For reference, here is that old message with an algorithm that produces an
encrypted session key with a flat distribution over a specified number of
bytes, along with a proof that it works.  The purpose of this is you
could strip off the PGP header stuff and have a file which looked for all
intents and purposes like totally random bytes, but if you knew the
secret key then you could decrypt it just fine.

(I recently took my CP archives and indexed them using Mark Zimmermann's
(no relation to Phil, apparently) FreeText browser which lets me do
keyword searches.  Pretty nice.)

> Date: Mon, 7 Mar 94 08:34:04 -0800
> From: [email protected] (Eric Hughes)
> Message-Id: <[email protected]>
> To: [email protected]
> In-Reply-To: Hal's message of Sun, 6 Mar 1994 11:22:17 -0800 <[email protected]>
> Subject: Truly Stealthy PGP (algorithm)

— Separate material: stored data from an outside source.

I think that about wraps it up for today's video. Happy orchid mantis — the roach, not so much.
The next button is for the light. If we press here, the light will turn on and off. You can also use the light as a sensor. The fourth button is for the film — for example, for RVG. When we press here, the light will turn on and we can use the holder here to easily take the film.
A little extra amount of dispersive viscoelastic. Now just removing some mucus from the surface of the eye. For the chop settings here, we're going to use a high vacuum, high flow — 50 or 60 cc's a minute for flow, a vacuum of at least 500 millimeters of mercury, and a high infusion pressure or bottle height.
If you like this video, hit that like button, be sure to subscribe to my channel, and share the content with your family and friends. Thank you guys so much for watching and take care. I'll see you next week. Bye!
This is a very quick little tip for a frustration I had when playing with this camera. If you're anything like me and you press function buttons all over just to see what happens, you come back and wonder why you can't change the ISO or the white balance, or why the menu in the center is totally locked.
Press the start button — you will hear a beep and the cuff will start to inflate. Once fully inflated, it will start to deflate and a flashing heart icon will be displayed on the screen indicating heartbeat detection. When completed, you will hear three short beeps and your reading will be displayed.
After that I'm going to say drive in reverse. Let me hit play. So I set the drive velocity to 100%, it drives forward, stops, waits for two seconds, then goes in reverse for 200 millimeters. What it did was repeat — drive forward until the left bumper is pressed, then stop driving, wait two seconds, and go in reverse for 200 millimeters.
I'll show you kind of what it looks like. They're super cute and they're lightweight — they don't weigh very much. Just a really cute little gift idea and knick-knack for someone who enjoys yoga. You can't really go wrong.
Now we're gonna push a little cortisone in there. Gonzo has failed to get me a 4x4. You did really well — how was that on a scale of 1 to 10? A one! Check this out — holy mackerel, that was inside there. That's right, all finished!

> Sender: [email protected]
> Precedence: bulk
> Status: RO
> >If I understand Eric's general idea, we would keep trying session keys
> >under a set of rules which would lead to the desired statistical
> >distribution of the encrypted key.  
> I actually said nothing about how to get the particular distribution
> of keys specified, since that was another issue.  I was more concerned
> with just getting the one result across.

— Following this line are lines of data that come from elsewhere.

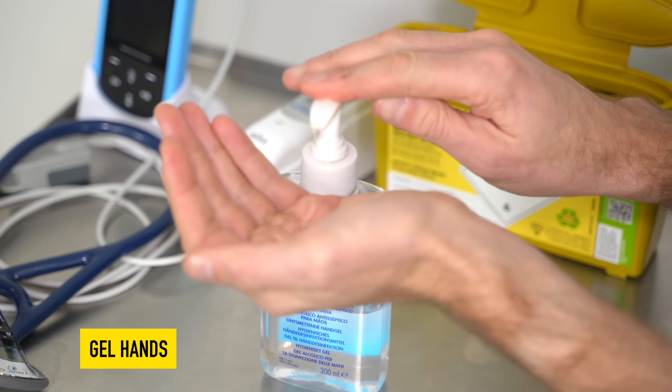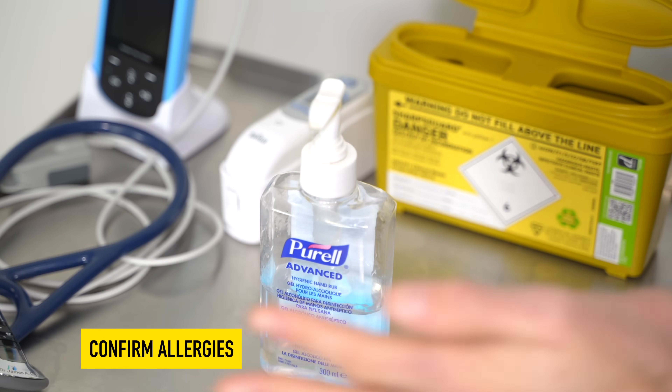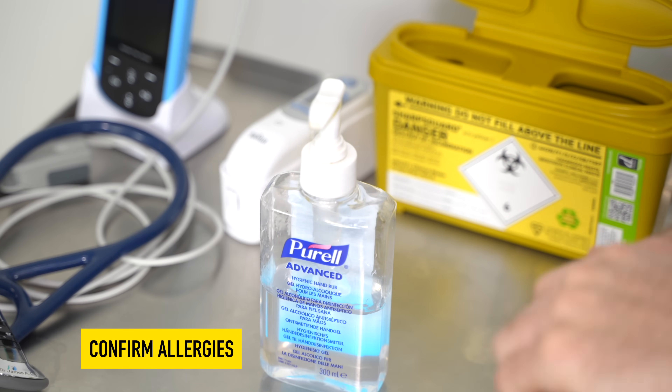So, to start off, I'm just going to gel my hands, and most importantly, before we carry on, do you have any allergies? No. We're using a Vitamin B12 injection, that's correct? Yep.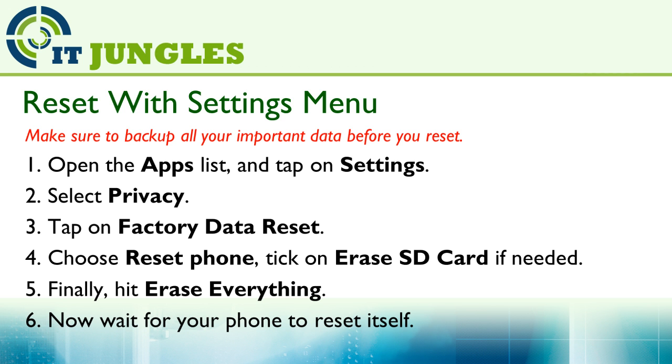Tick on Erase SD Card if you want to erase the data on the SD card. Finally, hit Erase Everything. Now just wait for your phone to reset itself back to the default state.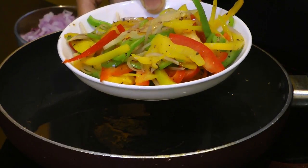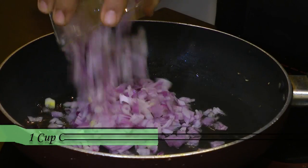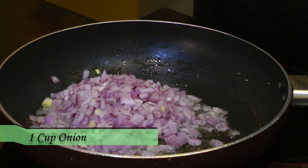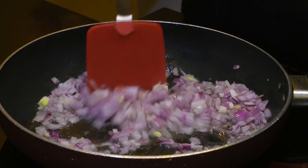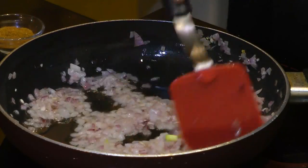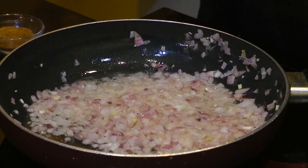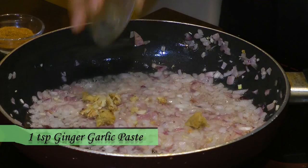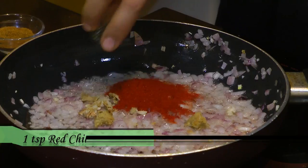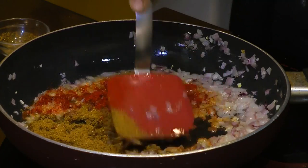After removing the veggies to a separate bowl, in the same pan heat two tablespoons of oil. Goes in the finely chopped onion — sauté over medium heat for four to five minutes until lightly golden. After about six to seven more minutes they have started to caramelize. Now add in ginger garlic paste, red chili powder, and garam masala — mix and cook for two more minutes.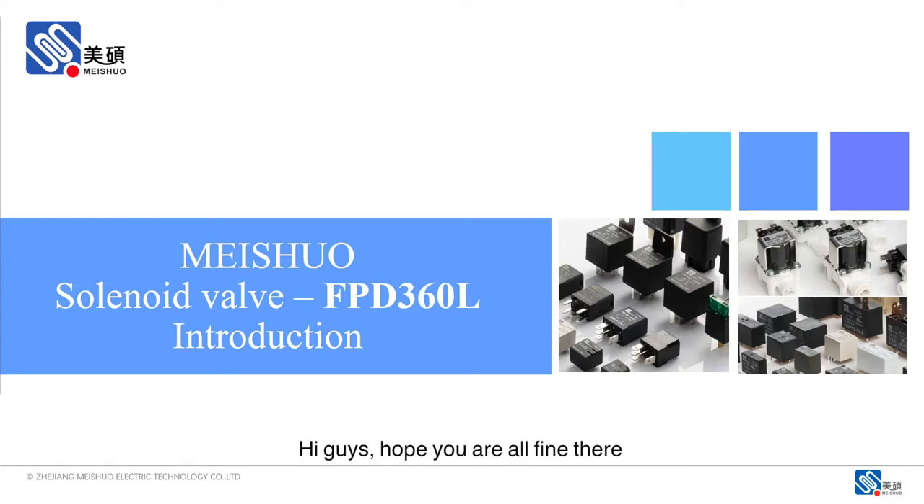Hi, guys. Hope you are all fine here. In this video, we'd like to introduce you one of our top sellers of the solenoid valve, the FPD360-L series.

> >Here is an algorithm which would work.
> It does work, and I'll put down a proof sketch below.
> Notation alert:
> >Let L be the next power of 256 above the modulus n.  Let t be the integer
> >part of L/n, so that L = n*t + s with s in [0,n).  Call the PGP IDEA session
> >key SK, and the encrypted version of that m = SK^e.  Now do these steps:
> >1) Pick a random SK in [0,n).
> This random number in [0,n) is the wrong distribution, but that's OK,
> since we'll be throwing some numbers away.

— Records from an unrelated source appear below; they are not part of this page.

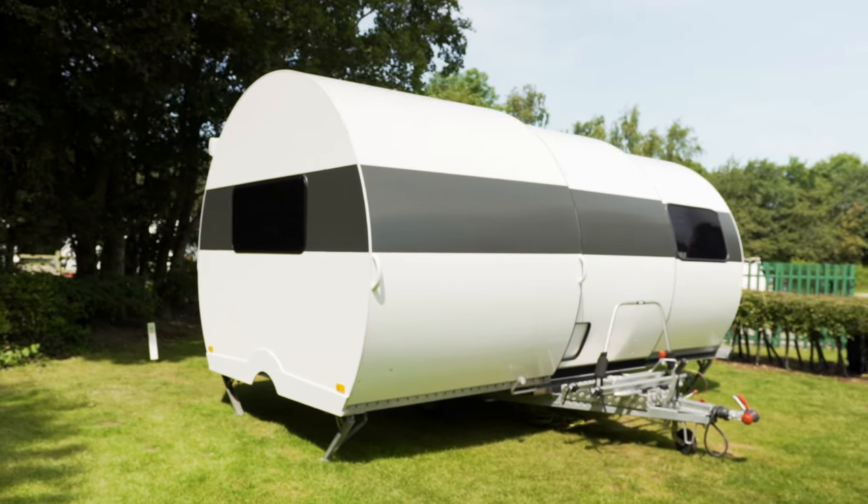We're on a bit of a roll on the unusual caravan front at the moment. Last time out we had a look at the stunning little Wheelhome Dashaway, and this time we've got something probably even more radical. This is the Boer 3X, built in France. It looks pretty stunning just parked here like this, but how it gets to this state is even more radical. Let's take a closer look.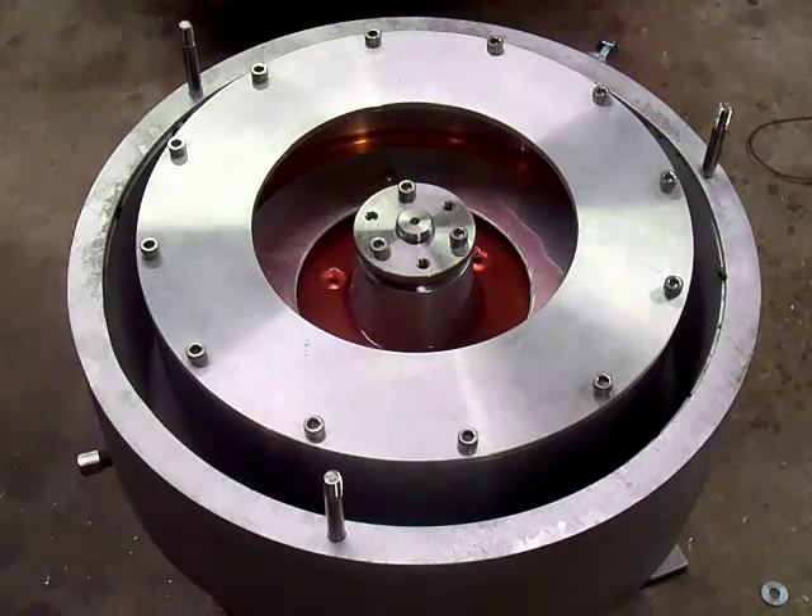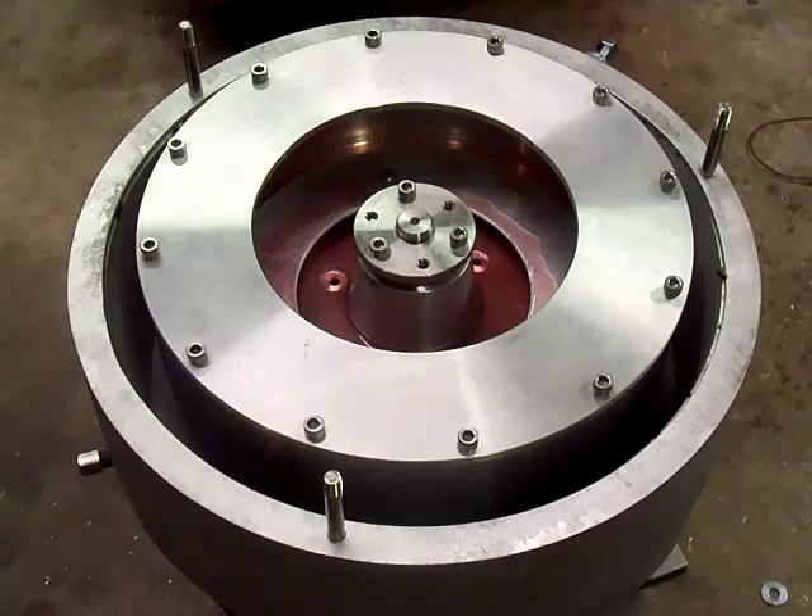Our automatic centrifuges stop about every 75 to 90 minutes and drain the sludge out so that the bowl doesn't fill up. In other guys' videos, you can see the bowl is totally packed with dirt, so you can't have a one-pass centrifuge. That's because they don't have a controller and they don't stop their centrifuge and drain the sludge out before it overflows the bowl.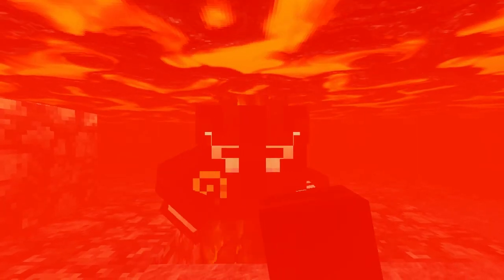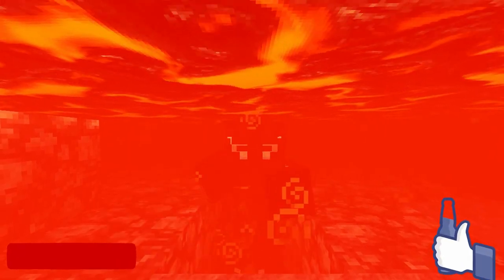That's gonna wrap it up. If you'd like to see more, check out the upper right corner for the first part and the upper left corner for the survival series. Don't forget to like and subscribe, and we'll see you in the next one. Bye bye.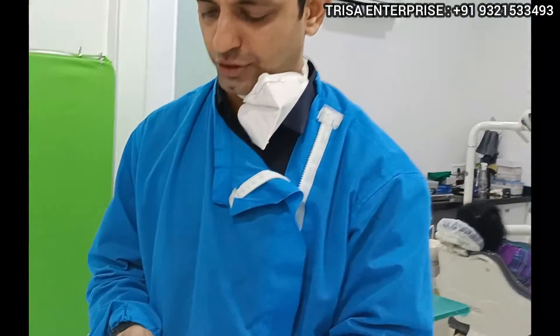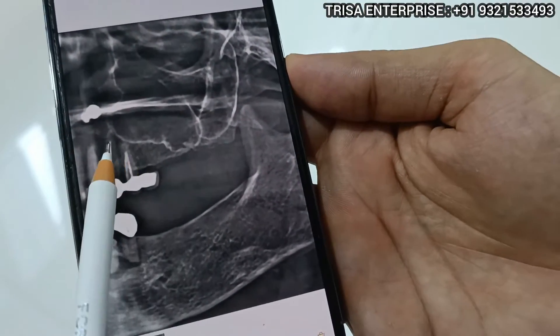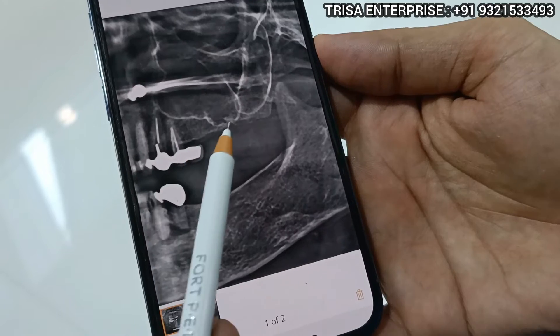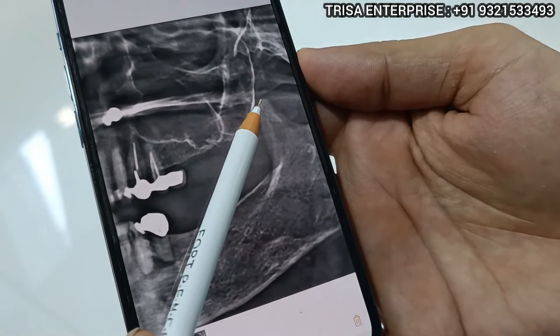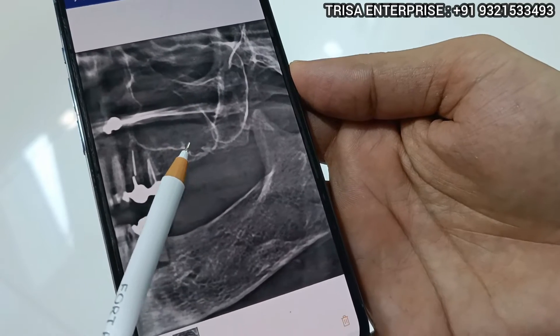The mandible is quite resolved. Let me show you the OPG — it will become more clear. As you can see on this OPG X-ray, these two teeth have fractured. We are going to remove the canine and premolar and place a pterygoid implant here.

> >2) RSA-encrypt it to form m = SK^e mod n.
> RSA encryption is a bijection (an 1-1 map).  If it were not, there
> would be two or more possible decryptions for a given ciphertext.
> Therefore RSA encryption is a permutation, and a permutation of
> probabilities preserves expected values of functions of the
> probability, such as entropy.  Since we assume the entropy of the SK
> is maximal (probabilistic entropy), therefore the entropy of the m's
> is maximal.  So the m's have a flat distribution.
> (As always, the above statements about bijection hold only if SK is
> multiple of one of the divisors of the modulus.  But then if you do
> find one of those, you've also factored the modulus and thus broken
> the key.  We assume this doesn't happen, since if it does little of
> this matters anyway.)
> >3) Choose a random k in [0,t].
> >4) Calculate the "stegged" encrypted key as M = m + k*n.  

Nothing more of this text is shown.